▸ **ACTION ITEM**
Lines in the data below that contain the word "software" are to be copied.

■ ■ ■ ■ ■ ■ ■

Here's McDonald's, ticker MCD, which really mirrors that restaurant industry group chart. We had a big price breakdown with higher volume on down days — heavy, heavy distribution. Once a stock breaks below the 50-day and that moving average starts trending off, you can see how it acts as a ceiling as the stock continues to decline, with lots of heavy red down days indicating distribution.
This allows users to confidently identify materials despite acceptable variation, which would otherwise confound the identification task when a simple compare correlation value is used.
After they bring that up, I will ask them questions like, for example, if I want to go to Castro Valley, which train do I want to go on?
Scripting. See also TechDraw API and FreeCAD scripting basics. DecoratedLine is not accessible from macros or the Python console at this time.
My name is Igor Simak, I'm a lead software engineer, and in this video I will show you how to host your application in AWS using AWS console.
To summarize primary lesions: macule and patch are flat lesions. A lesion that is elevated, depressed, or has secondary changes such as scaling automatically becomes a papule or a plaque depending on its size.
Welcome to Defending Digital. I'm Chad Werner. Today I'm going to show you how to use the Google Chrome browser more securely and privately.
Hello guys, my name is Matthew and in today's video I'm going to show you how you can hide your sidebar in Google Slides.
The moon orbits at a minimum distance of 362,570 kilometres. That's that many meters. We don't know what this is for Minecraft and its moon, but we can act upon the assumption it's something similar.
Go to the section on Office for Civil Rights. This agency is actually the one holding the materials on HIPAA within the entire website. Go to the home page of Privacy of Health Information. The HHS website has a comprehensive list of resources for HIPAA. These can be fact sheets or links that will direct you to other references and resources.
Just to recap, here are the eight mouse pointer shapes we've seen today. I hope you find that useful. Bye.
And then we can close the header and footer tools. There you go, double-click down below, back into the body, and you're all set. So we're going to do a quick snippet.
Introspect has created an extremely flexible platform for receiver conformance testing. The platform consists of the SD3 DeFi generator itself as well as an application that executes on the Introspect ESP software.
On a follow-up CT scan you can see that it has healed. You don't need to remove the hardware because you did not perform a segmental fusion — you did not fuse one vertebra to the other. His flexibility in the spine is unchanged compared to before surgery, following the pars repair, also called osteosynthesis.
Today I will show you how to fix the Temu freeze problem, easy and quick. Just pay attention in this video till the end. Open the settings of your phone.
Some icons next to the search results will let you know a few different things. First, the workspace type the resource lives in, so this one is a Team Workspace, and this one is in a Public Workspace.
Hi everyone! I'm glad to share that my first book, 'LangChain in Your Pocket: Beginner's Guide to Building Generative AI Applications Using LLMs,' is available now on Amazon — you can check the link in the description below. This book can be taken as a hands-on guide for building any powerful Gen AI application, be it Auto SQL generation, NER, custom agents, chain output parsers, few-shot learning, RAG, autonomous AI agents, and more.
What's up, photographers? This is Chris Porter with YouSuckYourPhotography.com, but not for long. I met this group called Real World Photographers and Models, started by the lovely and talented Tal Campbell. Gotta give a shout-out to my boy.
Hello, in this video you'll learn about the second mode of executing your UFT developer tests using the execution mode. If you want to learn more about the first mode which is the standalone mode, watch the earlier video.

■ ■ ■ ■ ■ ■ ■

▸ **WRITTEN SOLUTION**
My name is Igor Simak, I'm a lead software engineer, and in this video I will show you how to host your application in AWS using AWS console.
Introspect has created an extremely flexible platform for receiver conformance testing. The platform consists of the SD3 DeFi generator itself as well as an application that executes on the Introspect ESP software.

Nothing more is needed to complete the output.